Beaucoup de livres dits «de spiritualité» déçoivent et
laissent le lecteur sur sa faim. Il y a, bien sûr, de notables exceptions. Le Cœur du Monde, de Hans Urs von
Balthasar en est une. C’est un des trois ou quatre plus beaux livres de
spiritualité chrétienne qu’il m’ait été donné de lire. J’en recommande
régulièrement la lecture. Depuis plusieurs années, il était devenu introuvable,
renseigné comme épuisée par tous les libraires et distributeurs. Enfin, les
éditions Saint Paul ont eu l’excellente idée de le rééditer(*).
Que dire de ce chef d’œuvre? C’est une œuvre «de jeunesse»
du grand théologien suisse, très différente de ses grands ouvrages, en
particulier de sa trilogie (esthétique, dramatique et théologique). Celui que
le P. Henri de Lubac présentait comme l’homme «sans doute le plus cultivé de
son temps» y médite le mystère chrétien sur un ton lyrique et poétique, qui
emporte le lecteur comme un flot.
Un article
publié sur le blog «Un idiot attentif» en 2011 permet de s’en faire une
(faible) idée. Pour la compléter, voici les premières lignes du livre, suivies
de celles qui le concluent:
«En quelle prison
gémit tout être fini! C’est en prison que l’homme, comme tout être, est né: son
âme, son corps, sa pensée, sa volonté, ses aspirations, tout en lui est entouré
d’une frontière, constitue même une frontière palpable, tout le sépare et
l’isole. Par les ouvertures grillagées des sens, chacun regarde au-dehors vers
une réalité étrangère à lui qu’il ne sera jamais. Et son esprit
s’élancerait-il, comme l’oiseau, à travers les espaces du monde: lui-même n’est
pas cet espace qu’il parcourt, et de son passage il ne subsiste aucune trace
durable. D’un être à l’autre, quelle distance! Et même lorsqu’ils s’aiment et
se font signe mutuellement de l’îlot qui leur sert de prison, même lorsqu’ils
tentent de faire communiquer leurs solitudes et de se donner une illusoire
unité, bien vite les surprend, d’autant plus douloureuse, la désillusion,
lorsqu’ils retrouvent les barreaux invisibles, la froide paroi de verre contre
laquelle ils viennent buter, pauvres oiseaux captifs… (p. 21).
Tu restes seul. Tu es
tout en tous. Même si ton amour nous veut pour se déployer en nous et pour
célébrer en nous le mystère de la génération et de la fécondité, c’est pourtant
ici et là ton amour qui donne et qui
est donné, qui est à la fois semence et terre féconde. Et l’enfant mis au
monde, c’est toi encore. Lorsque l’amour a besoin de deux pieds pour marcher,
celui qui marche est unique, et c’est toi. Et lorsque l’amour a besoin de deux
êtres qui aiment, un amant et un aimé, alors il n’y a qu’un seul amour, et
c’est toi qui es l’amour. Tout est ordonné à ton cœur qui bat éternellement.

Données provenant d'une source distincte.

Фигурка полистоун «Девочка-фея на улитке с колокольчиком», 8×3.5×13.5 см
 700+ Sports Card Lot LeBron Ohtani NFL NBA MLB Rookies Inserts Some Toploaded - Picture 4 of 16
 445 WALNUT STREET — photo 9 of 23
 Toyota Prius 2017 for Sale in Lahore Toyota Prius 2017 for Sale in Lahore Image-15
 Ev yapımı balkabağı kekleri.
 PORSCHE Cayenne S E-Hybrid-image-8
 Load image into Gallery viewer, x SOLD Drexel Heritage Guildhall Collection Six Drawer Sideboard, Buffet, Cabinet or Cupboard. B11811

Maintenant encore, le temps et la durée battent la mesure de la création et, à
grands coups douloureux, poussent en avant le monde et son histoire. C’est
l’inquiétude de l’horloge, et ton cœur est inquiet jusqu’à ce que nous
reposions en toi, et toi en nous, temps et éternité absorbés l’un dans l’autre.
Mais soyez tranquilles: j’ai vaincu le monde. Le fracas du péché a disparu dans
le silence de l’amour. Celui-ci en est devenu plus sombre, plus flamboyant,
plus ardent, à cause de l’expérience de ce qu’est le monde. Mais l’abîme moins
profond de la révolte a été englouti par la miséricorde insondable, et en
battements majestueux règne paisiblement le Cœur divin» (p. 196-197).
Voilà, il ne vous reste plus qu’à lire les 175 pages qui
séparent le début de la fin et découvrir comment nous sommes conduits de la
prison au Cœur divin.
(*) Editions Saint-Paul, réédition 2014, 208 p., 15 €.